After just watching the worst performance of a pro-football team I can ever remember… I know what is coming. For the next week, every yahoo sportswriter in Denver will be calling for Jake’s head. Every sentient being will want him fired and say I told you so. Problem with that is, had we won, every single yahoo sportswriter would say “he’s our boy! Told you so! Golden child, that Plummer… he just didn’t have a proper offense in Phoenix, that’s all.

The next thing they are going to do is call for coach Shannahan’s job. They are going to explain to you that Shanny hasn’t won a playoff game without Elway. This is true, but we have also had a winning season every season he has been here. Problem is, we just choke in the playoffs (big time).

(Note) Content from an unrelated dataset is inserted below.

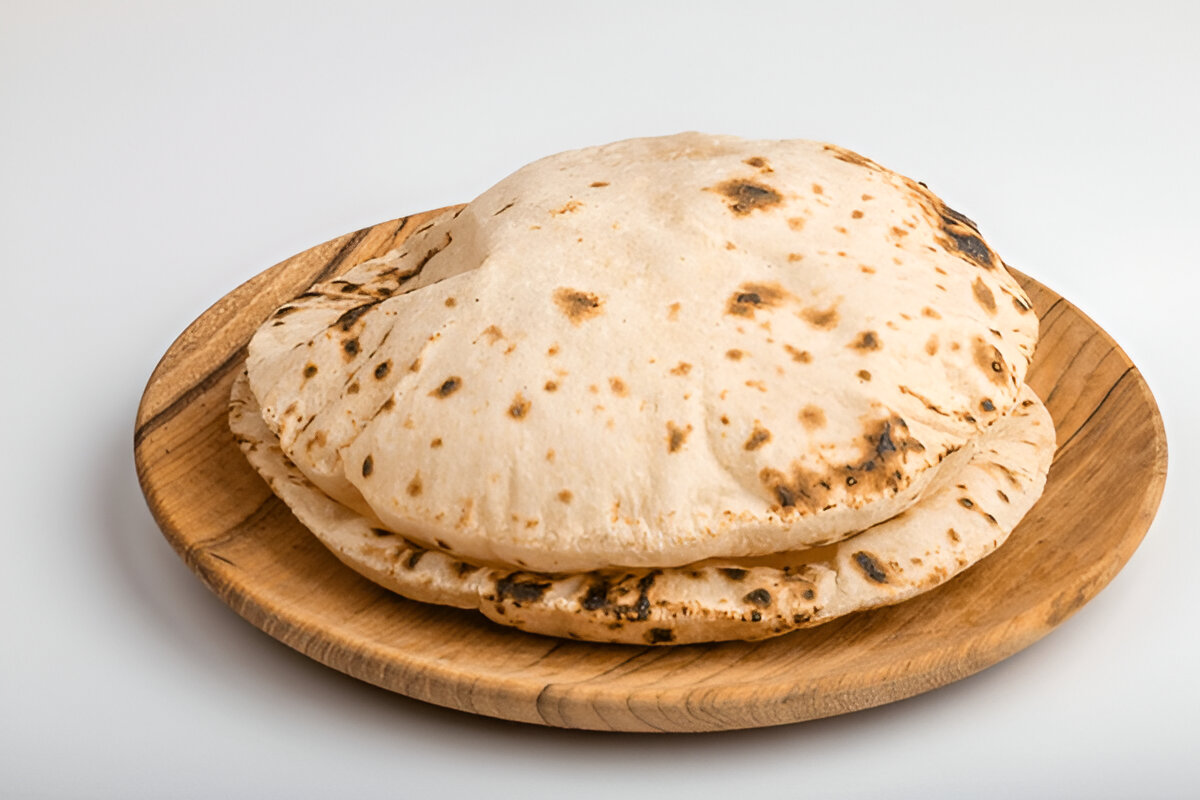 roti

The meaning of the phrase ‘if you see the Buddha in the road, kill him’ is this: Buddhism is inside you, and not about a deity. Buddhism is about living by a set of self governing rules that dictate you do no harm to others. It is called the ‘Eightfold path’. The Buddha declared while he was alive that he was NOT a supreme being or immortal. The point is that if you see the Buddha in the road, you are not practicing Buddhism. Buddhism is about yourself and what’s inside. Buddhism is about your choices and actions. So, if you see the Buddha in the road… kill him. Kill him because he represents your desires and manifestations of outward grace and spirituality.

This is about attachment, and ego.

What every single QB we have had has needed and wanted to say to the media: I am not John Elway Peyton Manning,  dad. I wasn’t and never will be. He is gone forever, and I need you to accept that.  I just want to dance!  When will you accept that?